In criticizing pro-lifers, she made clear abortion activists’ own agenda – legal, unregulated, taxpayer-funded abortions for any reason up to birth.
“While state policymakers must be vigilant in guarding against the barrage of abortion bans, this is a critical opportunity to envision and codify rights that go beyond those established by Roe and imagine a future of expanded, accessible and affordable abortion care without stigma,” Nash wrote.
She praised New York and Oregon for passing laws to “protect abortion rights throughout pregnancy” and force taxpayers to fund abortions. Her report came out before Illinois passed a similarly radical pro-abortion law last week.
Though some states are moving to expand abortions, many state lawmakers recognize that their constituents want unborn babies to be protected.
Polls consistently show strong support of abortion restrictions. A May Hill-HarrisX survey found that 55 percent of voters said they do not think laws banning abortions after six weeks – when an unborn baby’s heartbeat is detectable – are too restrictive.
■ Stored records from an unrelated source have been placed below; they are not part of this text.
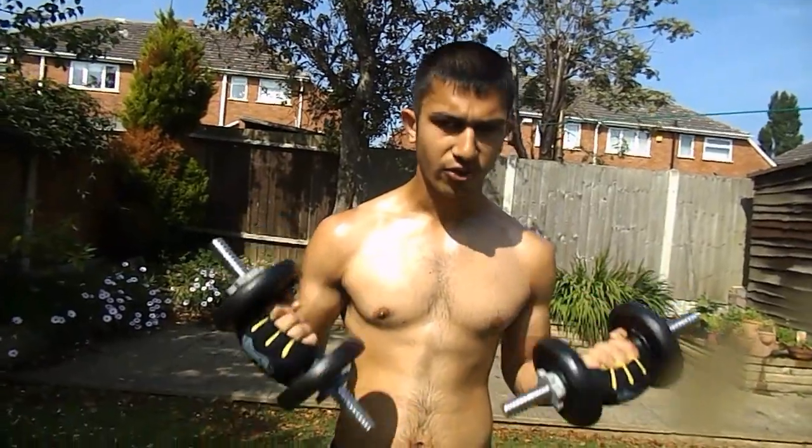From there we're going to do double hammer curls. Just to reiterate on the last exercise — make sure when you're doing the double dumbbell curls, make sure you keep your core tight so you can really get the full effect. Next we're going to do 20 hammer curls. Let's do it.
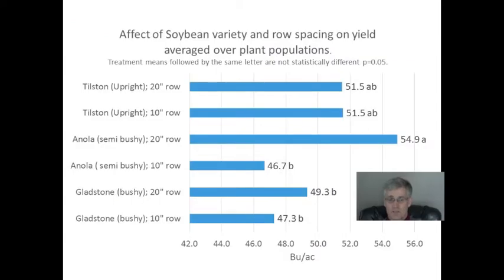Looking at the yield data — averaged over plant population, since differences in plant population did not affect yield and there were no significant interactions — Tilston, an upright or erect variety, yielded just as well whether grown at 10 or 20-inch row spacings, with Northstar Genetics reporting similar results in other studies. Enola, a semi-bushy variety, performed significantly better at the wider 20-inch row spacing. Gladstone, which is bushy, also performed better at 20 inches, but the yield improvement wasn't as great or significant.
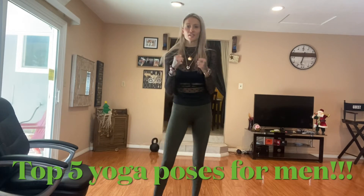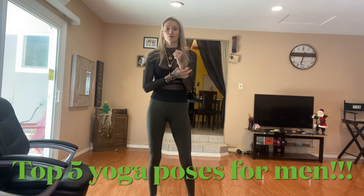Hey guys, Destiny Owen here. A short little video on a few stretches that I highly recommend to men — and of course women as well. I recommend tons of stretching to men, but these are my top five stretches that really tend to help men more so with their tight hamstrings and tight chest muscles. So here we go — make sure you like the video, comment, and leave a message if there's anything else you'd like to know.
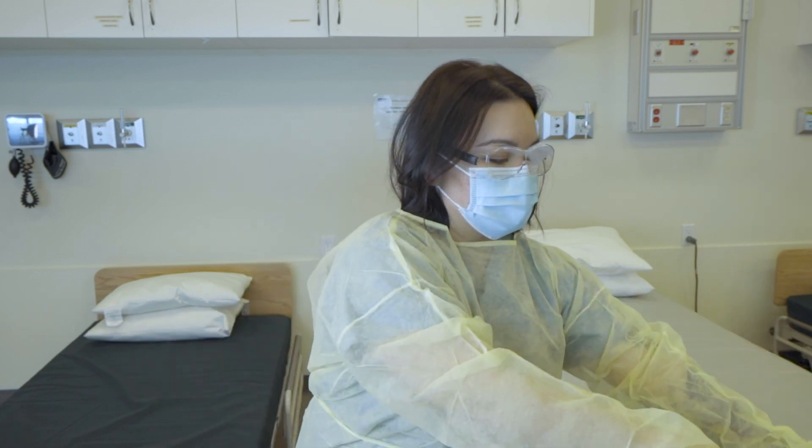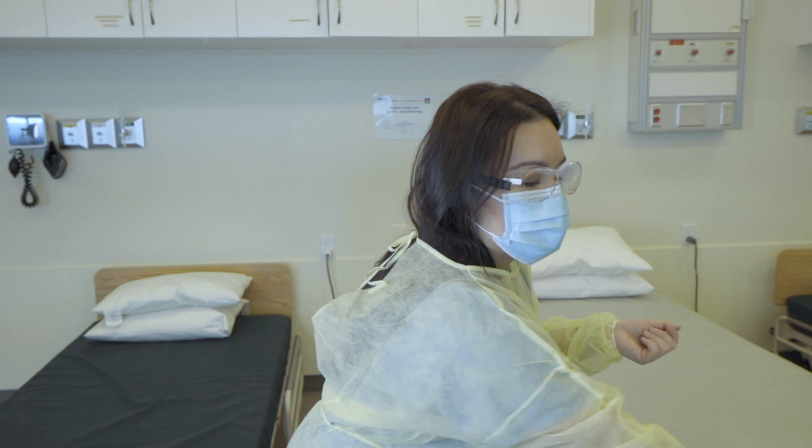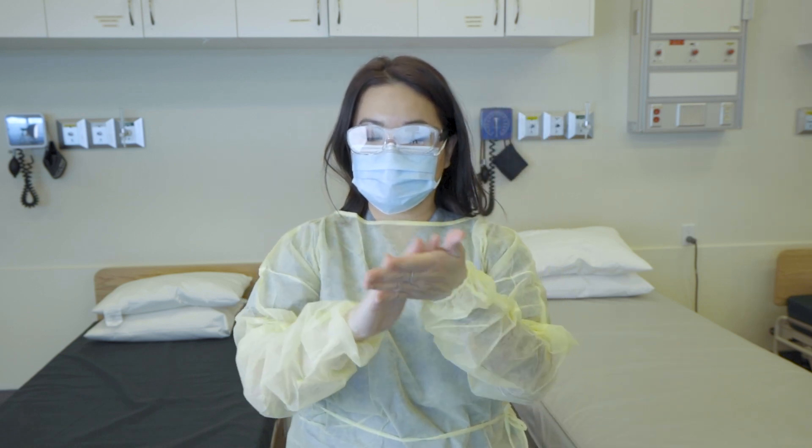And then at this point we would sanitize our hands. Hand washing may be necessary if your hands were in contact with soiled or organic material.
Another poll out of Harvard University found that just 6 percent of Americans said abortions should be allowed “up until the birth of the child,” while 8 percent said they should be permitted up to the third trimester. It also found that a majority of Americans want the U.S. Supreme Court to revisit Roe v. Wade.
And in January, a Marist University poll found that 13 percent of Americans support a New York law that legalized abortions for basically any reason up to birth.
As modern medical advances demonstrate the humanity of unborn babies and the abortion industry pushes an increasingly radical agenda, it is no surprise that so many voters are electing leaders who are taking action to protect babies in the womb.